The blob trigger reads a JSON array from the raw-data container and logs the extraction stage. Each input record is normalized into a consistent shape before enrichment.

@app.blob_trigger(
    arg_name="myblob",
    path="raw-data/{name}",
    connection="AzureWebJobsStorage",
)
@db.output("out", url="%DB_URL%", table="enriched_customers")
def etl_enrich_blob(myblob: func.InputStream, out: DbOut) -> None:
    raw_records = _load_raw_records(myblob.read())
    enriched_rows = [_enrich_record(record) for record in raw_records]
    out.set(enriched_rows)

The enrichment stage can call lookup helpers, cached reference tables, or SDK clients. In this example it derives region details and pseudo-geocode data from deterministic local mappings so the pipeline stays replay-safe.

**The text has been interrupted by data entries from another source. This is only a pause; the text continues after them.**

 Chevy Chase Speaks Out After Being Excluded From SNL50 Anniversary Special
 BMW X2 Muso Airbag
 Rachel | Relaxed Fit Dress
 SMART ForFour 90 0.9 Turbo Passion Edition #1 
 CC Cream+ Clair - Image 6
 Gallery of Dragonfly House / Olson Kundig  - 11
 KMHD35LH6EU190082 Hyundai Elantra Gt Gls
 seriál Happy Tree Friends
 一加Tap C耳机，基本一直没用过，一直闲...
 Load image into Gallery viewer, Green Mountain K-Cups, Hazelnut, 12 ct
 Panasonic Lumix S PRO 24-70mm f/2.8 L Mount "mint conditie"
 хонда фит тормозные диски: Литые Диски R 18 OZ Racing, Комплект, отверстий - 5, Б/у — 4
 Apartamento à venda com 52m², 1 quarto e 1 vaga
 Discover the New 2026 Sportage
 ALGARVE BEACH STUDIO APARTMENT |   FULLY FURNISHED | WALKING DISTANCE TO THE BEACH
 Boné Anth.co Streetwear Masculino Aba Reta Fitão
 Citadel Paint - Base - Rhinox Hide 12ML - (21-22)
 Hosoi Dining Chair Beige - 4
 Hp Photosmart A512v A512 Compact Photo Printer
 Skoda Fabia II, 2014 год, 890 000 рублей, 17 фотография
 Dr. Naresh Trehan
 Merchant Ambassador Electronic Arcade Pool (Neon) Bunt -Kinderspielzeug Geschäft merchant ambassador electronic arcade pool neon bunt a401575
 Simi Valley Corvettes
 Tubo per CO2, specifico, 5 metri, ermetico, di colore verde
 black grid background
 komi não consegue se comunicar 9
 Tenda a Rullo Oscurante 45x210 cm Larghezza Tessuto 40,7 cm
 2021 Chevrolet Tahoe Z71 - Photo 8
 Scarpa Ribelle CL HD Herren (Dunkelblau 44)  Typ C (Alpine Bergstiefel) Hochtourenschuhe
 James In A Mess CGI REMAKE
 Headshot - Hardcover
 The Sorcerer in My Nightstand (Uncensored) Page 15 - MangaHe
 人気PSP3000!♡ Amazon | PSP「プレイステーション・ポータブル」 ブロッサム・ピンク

def _enrich_record(record: RawRecord) -> dict[str, str | float]:
    region = REGION_LOOKUPS.get(record["country_code"], FALLBACK_LOOKUP)
    return {
        "customer_id": record["customer_id"],
        "city": record["city"],
        "country_code": record["country_code"],
        "region": region["region"],
        "market_tier": region["market_tier"],
        "latitude": region["latitude"],
        "longitude": region["longitude"],
    }

Run Locally

cd examples/data-and-pipelines/etl_enrichment
python -m venv .venv
source .venv/bin/activate
pip install -e ".[dev]"
cp local.settings.json.example local.settings.json
func start

Upload a blob such as customers-2026-04-17.json to the raw-data container:

[
  {"customer_id": "cust-1001", "city": "Seattle", "country_code": "US"},
  {"customer_id": "cust-1002", "city": "Berlin", "country_code": "DE"}
]

Expected Output

[Information] ETL extraction started blob=raw-data/customers-2026-04-17.json size_bytes=126
[Information] ETL enrichment completed blob=raw-data/customers-2026-04-17.json input_count=2 enriched_count=2
[Information] Loaded enriched rows target_table=enriched_customers count=2

Production Considerations

  • Scaling: blob-trigger concurrency affects downstream database pressure; size connection pools accordingly.
  • Retries: blob-trigger replays can reinsert rows, so use upserts or natural keys in the destination.
  • Idempotency: include source blob name, record key, or version fields to support deduplication.
  • Observability: emit per-stage counts, enrichment misses, and load latency with structured logs.
  • Reference data: cache slow lookups or materialize them locally when latency or rate limits matter.